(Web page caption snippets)
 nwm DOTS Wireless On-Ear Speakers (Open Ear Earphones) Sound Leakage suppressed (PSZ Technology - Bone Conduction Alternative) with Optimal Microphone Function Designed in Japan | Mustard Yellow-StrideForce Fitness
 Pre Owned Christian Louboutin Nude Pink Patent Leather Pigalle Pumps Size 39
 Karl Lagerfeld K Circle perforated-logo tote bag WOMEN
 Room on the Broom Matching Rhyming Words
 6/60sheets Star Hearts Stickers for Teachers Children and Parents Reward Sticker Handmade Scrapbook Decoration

* * *

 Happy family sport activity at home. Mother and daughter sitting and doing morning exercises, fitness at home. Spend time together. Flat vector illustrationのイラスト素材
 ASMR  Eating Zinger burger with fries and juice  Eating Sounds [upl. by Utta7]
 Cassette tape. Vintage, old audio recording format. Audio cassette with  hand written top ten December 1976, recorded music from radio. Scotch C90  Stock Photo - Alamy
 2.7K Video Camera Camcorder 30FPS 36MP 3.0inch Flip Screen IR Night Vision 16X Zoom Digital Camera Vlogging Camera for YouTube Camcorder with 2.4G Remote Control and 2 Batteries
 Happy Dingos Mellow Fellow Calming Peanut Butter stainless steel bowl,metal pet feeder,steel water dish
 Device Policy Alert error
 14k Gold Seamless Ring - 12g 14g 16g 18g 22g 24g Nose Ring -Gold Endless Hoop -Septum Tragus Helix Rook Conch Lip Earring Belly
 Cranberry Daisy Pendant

How to complete this task - Beginning at the line above with "nwm DOTS Wireless" and finishing at the line with "Pre Owned Christian", return each line exactly and return nothing else.

Result -
 nwm DOTS Wireless On-Ear Speakers (Open Ear Earphones) Sound Leakage suppressed (PSZ Technology - Bone Conduction Alternative) with Optimal Microphone Function Designed in Japan | Mustard Yellow-StrideForce Fitness
 Pre Owned Christian Louboutin Nude Pink Patent Leather Pigalle Pumps Size 39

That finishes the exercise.